The data:
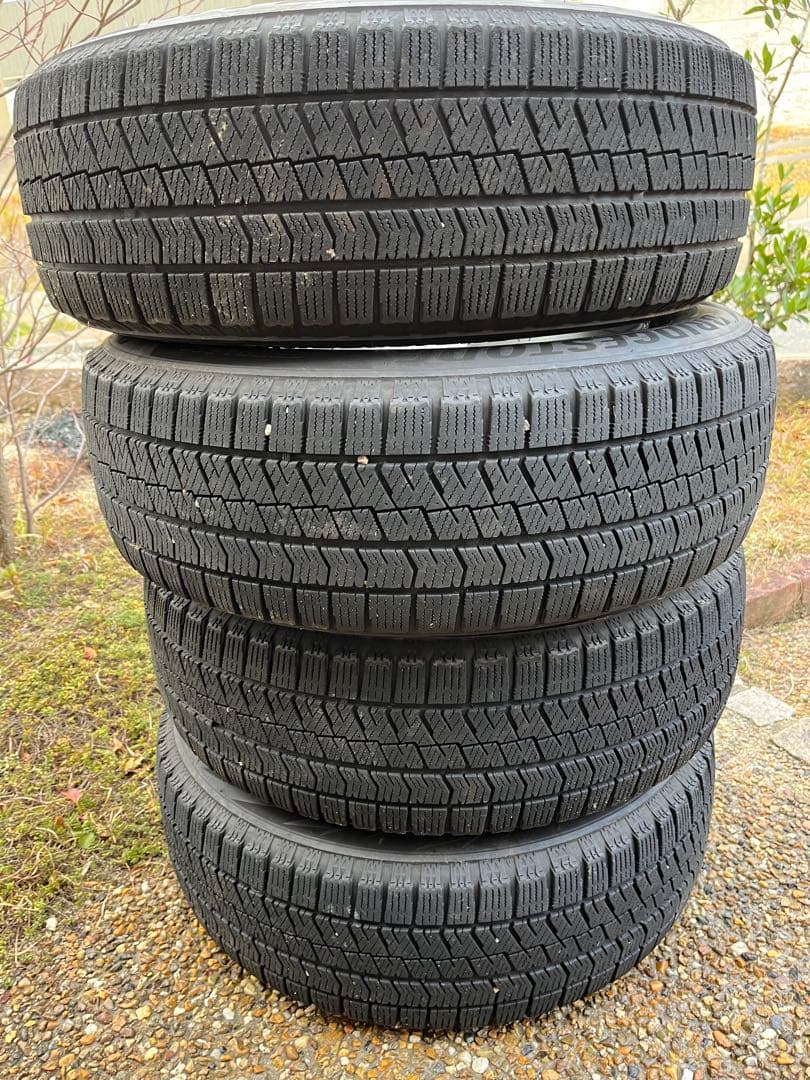 ブリヂストン バルミナ ブリザック スタッドレスセット195/65R15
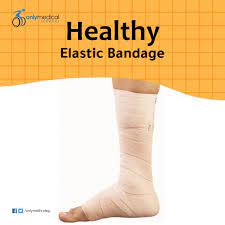 ضمادة صحية مرنة رباط ضاغط 8 سم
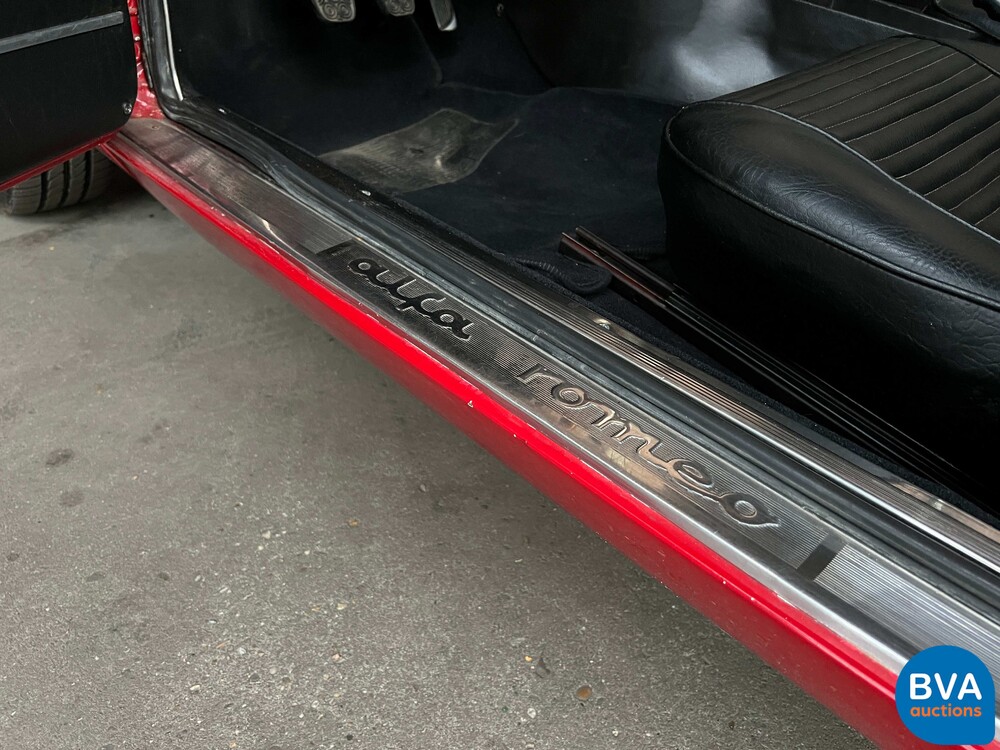 Alfa Romeo GTV 2000 Geschwindigkeit 2.0 150 PS 1971, AL-59-24.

Directions for this task: For this exercise, restate the material exactly and skip every picture.

Answer space:
 ブリヂストン バルミナ ブリザック スタッドレスセット195/65R15
 ضمادة صحية مرنة رباط ضاغط 8 سم
 Alfa Romeo GTV 2000 Geschwindigkeit 2.0 150 PS 1971, AL-59-24.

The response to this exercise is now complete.